Ragionando sulla mia produttività.

Esiste un rapporto tra “fase creativa e noia”

Vorrei sapere quante persone che come me hanno fatto della creatività il loro “scopo”, la necessità impellente di esprimere se stessi “creativamente”, soffrono della mia stessa patologia, ovvero la “noia acuta” che di tanto in tanto sembra volermi inghiottire. Scommetto che non siamo pochi! La noia mi ammoscia, la detesto e mi fa sentire  quasi inutile. Io la patisco moltissimo, ma credo che il problema, se così si può definire, non appartenga unicamente a me. Se mi  state leggendo è chiaro che vi è capitato e anche spesso  a prescindere da cosa facciate nella vita.  Vivo di “creatività” sin da bambina, da qui si evince che la mia vita si è e si basa ancora oggi su questo punto fermo e irrinunciabile.
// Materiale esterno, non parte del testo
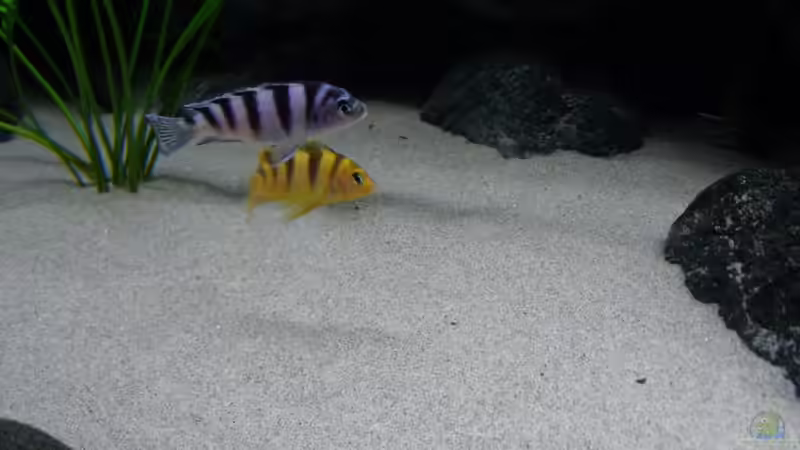 Besatz im Aquarium Bilskirnir von T H O R (69)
Alla fase creativa che mi tiene sveglia la notte, mi fa pensare a ruota libera, mi fa saltare giù dal letto due ore prima che la sveglia mi urti l’udito e lavorare a pieno ritmo con una sentita e viscerale voglia di fare, subentra a un certo punto la “fase noia” in cui tutto sembra fermarsi.

Ecco l’arrivo del mio stand-by, modalità “uffa!”…
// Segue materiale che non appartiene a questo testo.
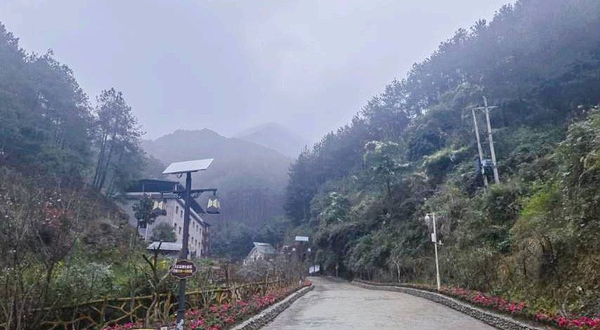 观音山森林公园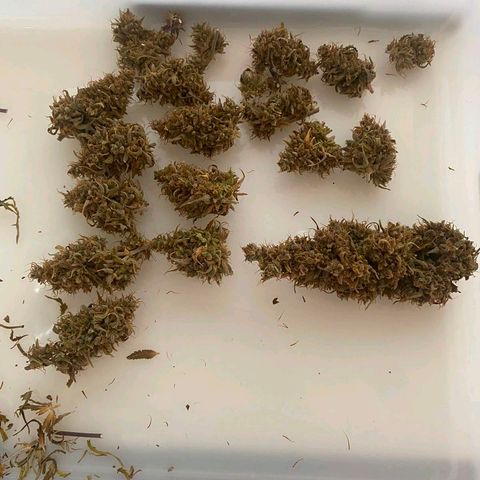 Carmella growlog photo: Carmen 💚💚💚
Posso provarlo a descriverlo come una specie di crollo della mia capacità di concentrazione e di lavorare. Quando non trovo stimoli nuovi o interessi che attirino la mia attenzione, conclusasi la fase “top”, arriva puntuale la noia, la fase discendente in cui ci si può smarrire per qualche giorno. Per fortuna non dura a lungo ed è necessaria per ricaricarsi e predisporsi al qual qualcosa di nuovo. Ho imparato negli anni a gestire la noia nel solo modo conosco: non contrastarla.
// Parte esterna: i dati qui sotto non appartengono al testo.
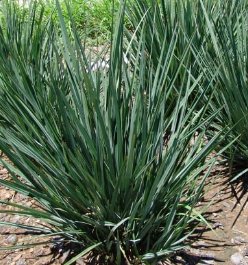 Little Rev Flax Lily (Dianella revoluta 'DR5000') - PlantologyUSA - Small 9-11"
La noia nella mente creativa è necessaria pertanto occorre saperla accettare.

Mi sono spesso domandata come faccia la gente a fare sempre le stesse cose senza annoiarsi. Se mi mantengo in un discorso strettamente artistico, mi chiedo come facciano alcuni pittori a fare sempre gli stessi soggetti. Non sentono anche loro bisogno di rompere gli schemi? Come fanno altri a vivere le loro giornate scandite dal ritmo di un metronomo senza aver bisogno di rompere la routine anche quando sarebbe possibile? L’abitudine mi schiaccerebbe.

Sperimentare, provare cose nuove, sfidare le proprie capacità penso sia il sale della mia arte, che è solo mia e me ne assumo la responsabilità. E non è facile. Immagino la perdita di credibilità che posso aver subito a causa del doll repainting  ed esperimenti vari con le paste modellabili. “Ma come? Non facevi oli su tela?” Risposta: “Sì, ma poi ho preferito gli acrilici e alle tele ho preferito cartoni telati, e poi ho iniziato a fare mosaici con strati di carta patinata presa da riviste… Ne avevo bisogno..”

Mi avranno capita?, ma soprattutto … è forse importante?

E’ appena iniziata la “fase noia” e benché non la ami affatto, so che è qui per far riposare miei occhi, la mia testa e i miei polsi. Avevo anticipato un ritorno all’acquarello, ma per il momento ho bisogno di staccare, e non mi piace e non facile, però fa parte del “gioco”!